The problem is that in the very next verse the Sufferer says that he can count all his bones. They're intact. Such that the Sufferer would be saying that his hands and feet are impaled as though by a lion's mouth, but without breaking a single bone. ----How do you pierce hands and feet without breaking a single bone? You need manufactured lion's teeth, nails. And someone to place them carefully between the bones. You need Roman style crucifixion. And that's exactly what's depicted in Psalm 22.

Zechariah 12:10:

And they shall look upon me whom they have pierced, and they shall morn for him, as one mourneth for his only son, and shall be in bitterness for him, as one that is in bitterness for his firstborn.

Once again we have the motif of "piercing" an only-begotten son. Which is to say we have two perfect examples of a righteous man being "pierced" and one of them mentions that the piercing is through the hands. We have numerous reasons to interpret and translate the prepositional phrase in Isaiah 49:16 "by" the palms of the hand, rather than "upon" the palms of God's hands.

There's not one precedent anywhere in the scripture for the palm of the hand being engraved or marked for any reason. There's no contextual element to speak of the palms of God's hands being engraved. And yet because interpreting and translating the verse faithfully lends too much weight to a puzzle that shant be seen or solved without revealing the "face" God says he's hidden from the Jews (Isaiah 8:16), Jews have played their role in the malfeasance that's the current bastardized translation of the verse.

Isaiah 49:6-23 :

It's too small a thing for you to be my servant to restore the tribes of Jacob and bring back those of Israel I have kept. I will make you a light for the Gentiles, that you may bring my salvation [Yeshua] to the ends of the earth." Behold, I will lift up mine hand to the Gentiles, And raise up my banner to the people . . . They shall bow down to thee with their faces toward the earth, And lick the dust of thy feet.

Deutero-Isaiah establishes this pattern throughout the second half of the prophetic work. Israel is forsaken, the Suffering Servant (who's directly related to Israel) is forsaken (and in some places it's implied that Israel forsakes the Suffering Servant), while the Gentiles reap the benefits from all this forsaking and forsakenness.

The Suffering Servant is not only going to re-claim the exiles of Israel who've been scattered far and wide, he's going to draw the Gentile nations where Israel has been scattered, into the commonwealth of the Jewish faith. . . This much is pretty clear from any objective reading of Deutero-Isaiah.

But it's the manner in which the Gentiles are drawn into the faith that gives Deutero-Isaiah its preternatural power.
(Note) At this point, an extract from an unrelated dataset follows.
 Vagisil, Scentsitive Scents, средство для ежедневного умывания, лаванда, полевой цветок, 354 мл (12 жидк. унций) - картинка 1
Isaiah 49:16 speaks either of the Suffering Servant being "engraved" on the palms of God's hands, or else, and completely compatible with the prepositional phrase associated with the word for "palms," the verse can be read that God has the Suffering Servant attached "by" his "palms" on God's commander's staff (as BDB implies the Hebrew word translated "engraved" sometimes implies). . . Luther says: "Others say I have graven you on the palms of My hands means `I have drawn a picture of you, thus carrying you in My hands as My idea.'"

There's good reason to belabor the distinctions between how this verse is interpreted and translated. And there's good reason for those opposed to the Papal ferula reading to protest. For if it can be shown convincingly that Isaiah is relating something like God lifting a commander's staff (a Papal ferula) high in the air in order to draw Gentiles into the Jewish faith, then not only is an incredible legitimacy added to the Christian epoch, but this new reading can reverberate throughout the book of Isaiah retroactively correcting certain questionable interpretation/translations while at the same time shining a new light on old and worn out presuppositions about the intentions of the writer of Deutero-Isaiah.